Dandy® Super Sweet Corn & Chorizo Egg Muffin
What You Need
- 4 ears Dandy® Super Sweet Corn (stripped from cob)
- 12 eggs
- ½ cup milk
- 1 tsp. salt
- ½ tsp. pepper
- 12 oz. cooked chorizo (oil separated)
- 2 cups pepper jack cheese (shredded)
- ¾ cup fire roasted green chiles (diced)
Find Dandy Sweet Corn
Make It
- Preheat oven to 350°F.
- In your blender on low speed, blend together the eggs, milk, salt and pepper.
- Grease a 12-cup muffin tin.
- Equally disperse half of the Dandy® Super Sweet Corn, chorizo, cheese and green chilies into the cups.
- Pour egg mixture into the cups, filling ½ full.

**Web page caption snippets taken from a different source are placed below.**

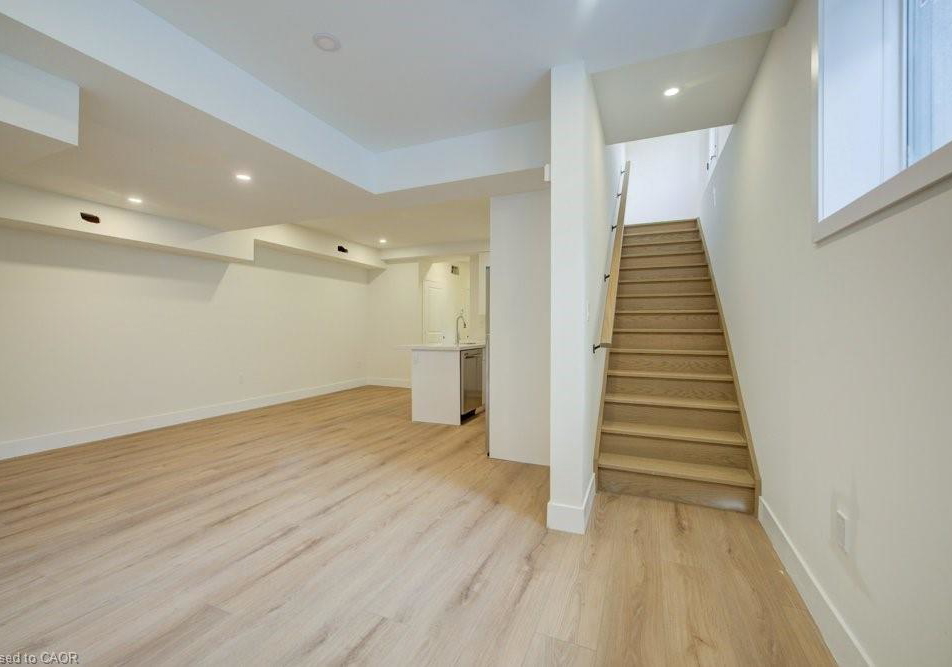 17-downey-street-kitchener-ontario-40829894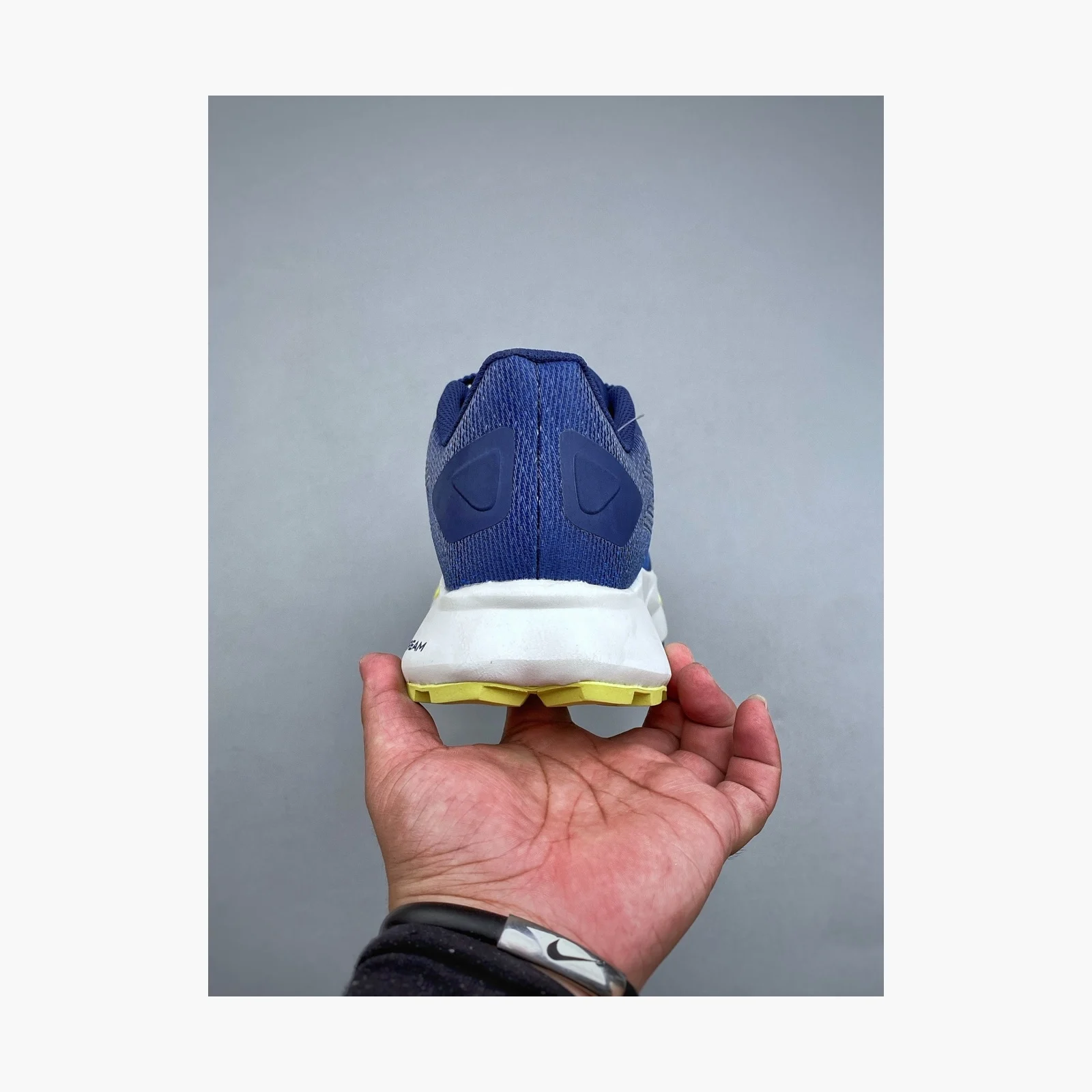 The North Face Men’s VECTIV Enduris 4 Dimmed Algae/Eagle Blue · NF0A8AEP-CIY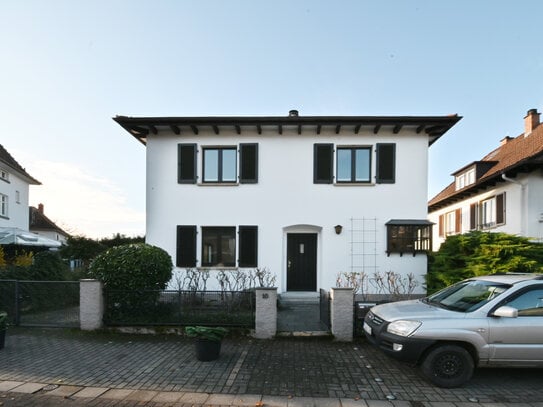 freistehendes Einfamilienhaus mit Garten, Kamin und viel Platz in ruhiger Lage von Weinheim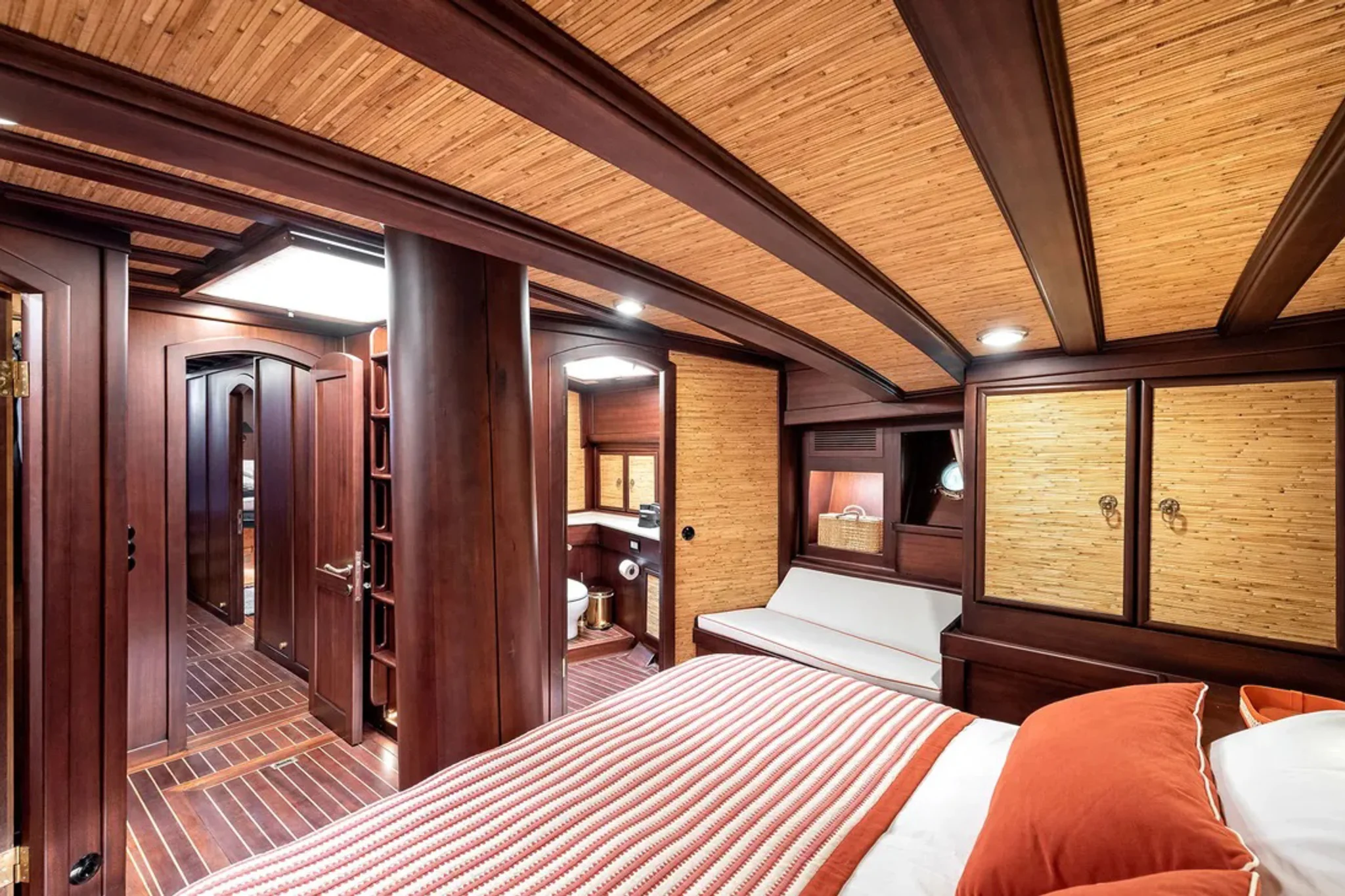 CAPTAIN COOK cabin 3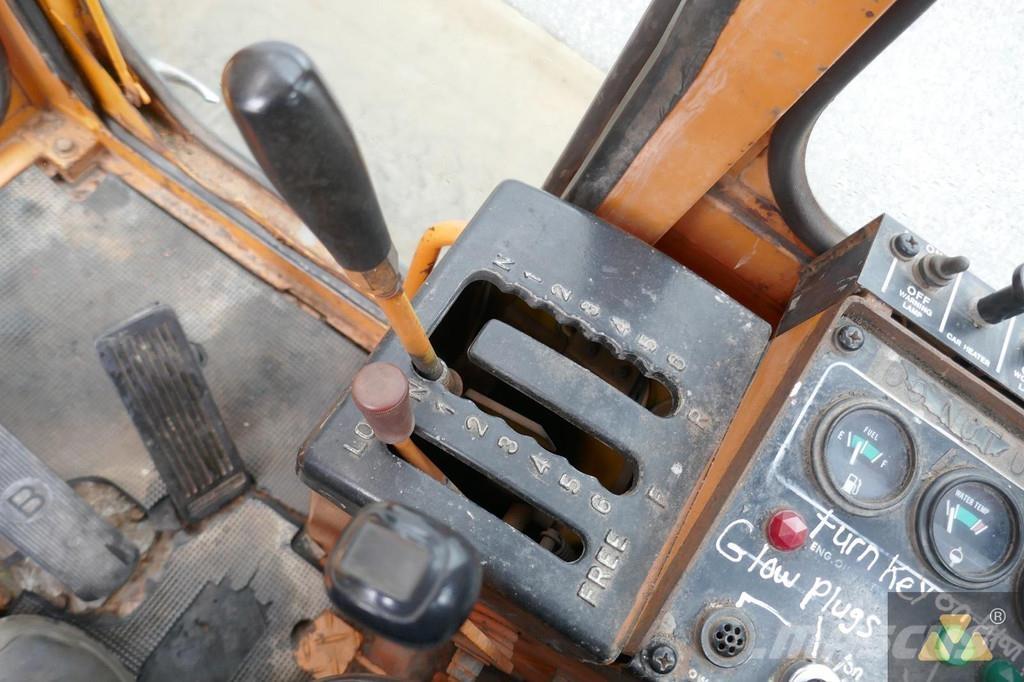 Mitsubishi MG300 Greideriai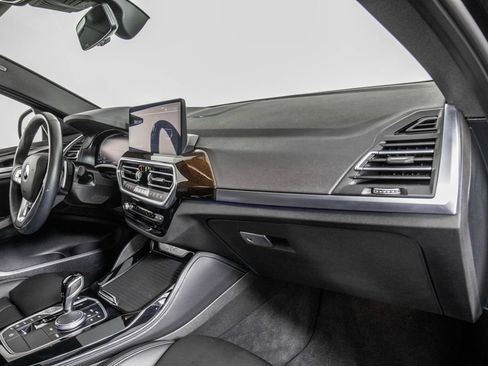 Used 2024 BMW X4 xDrive30i w/ Parking Assistance Package AWD/4WD image 19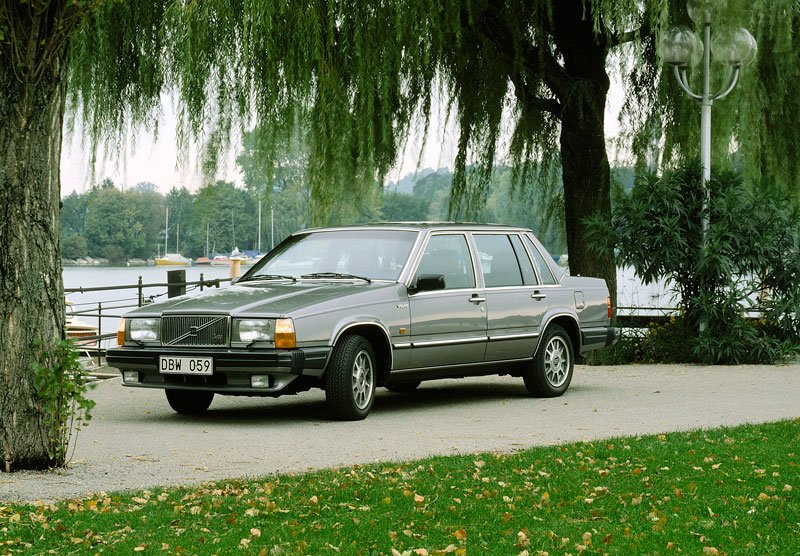 Volvo 700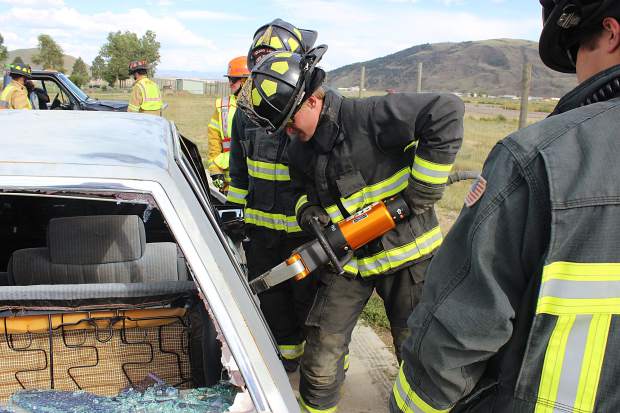 Fire crews brush up on extrication training | SkyHiNews.com
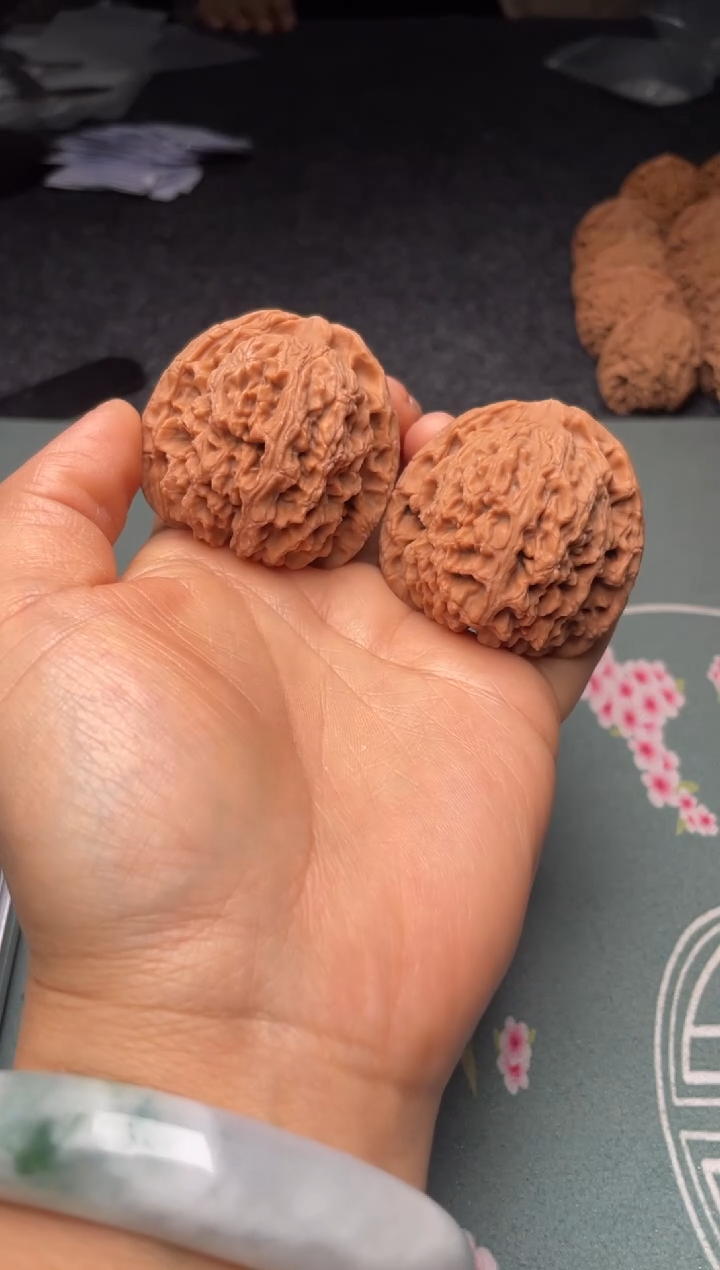 把件文玩核桃w228  南疆石 45尺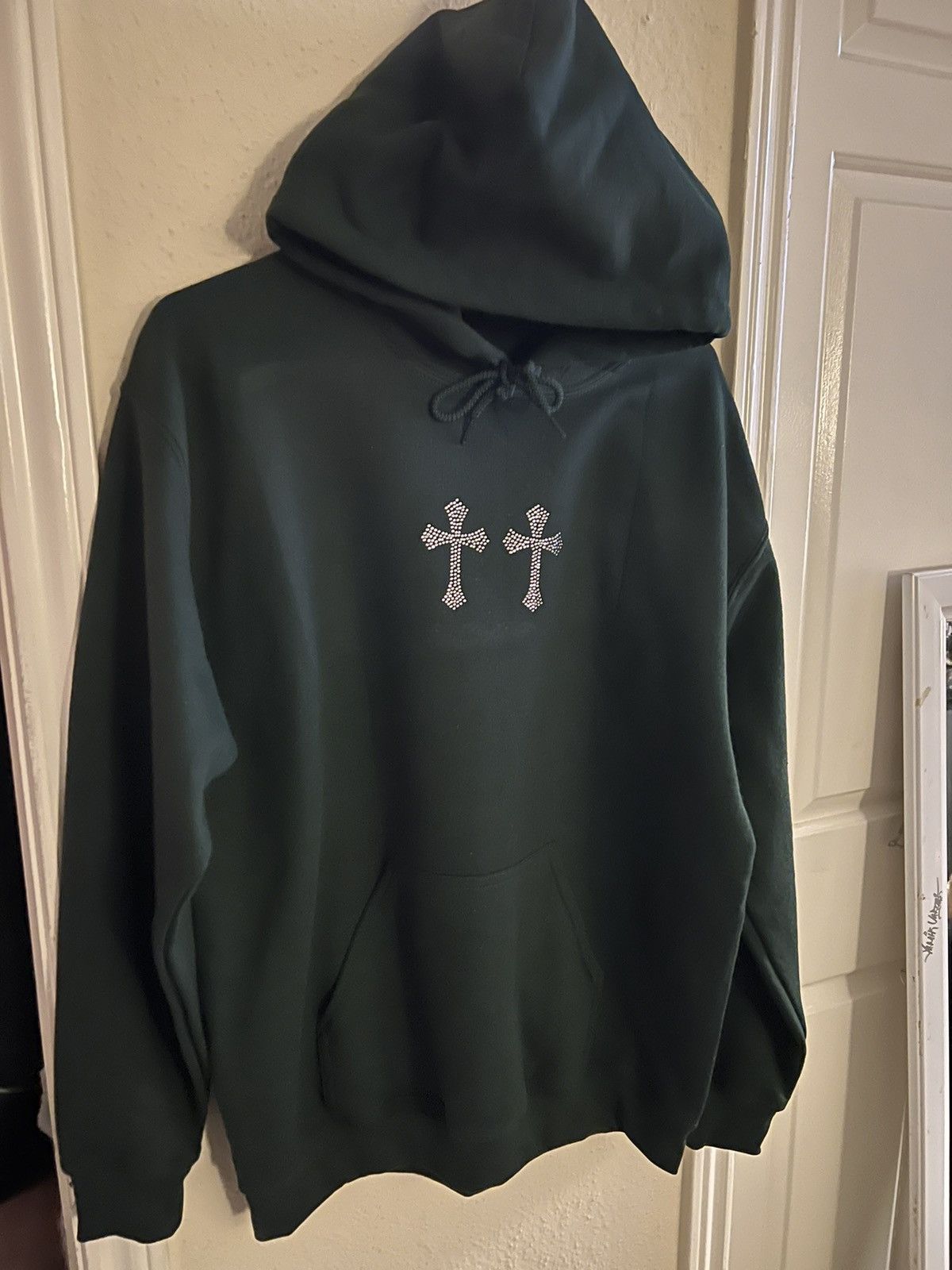 Vintage Rhinestones Cross Vintage Hoodie Size US L / EU 52-54 / 3 - 5 Thumbnail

- Top with remaining ingredients (evenly dispersed among the 12 cups).
- Bake on center rack for 20-25 minutes, or until a wooden skewer is inserted and comes out clean.
Recipe notes:
Use your rendered chorizo oil to grease the muffin tins – this adds flavor and creates less waste.
Breakfast Egg Muffins can be stored in an airtight container for up to 5 days. To reheat, microwave for 1 minute or place in a preheated oven at 400°F for 5 minutes.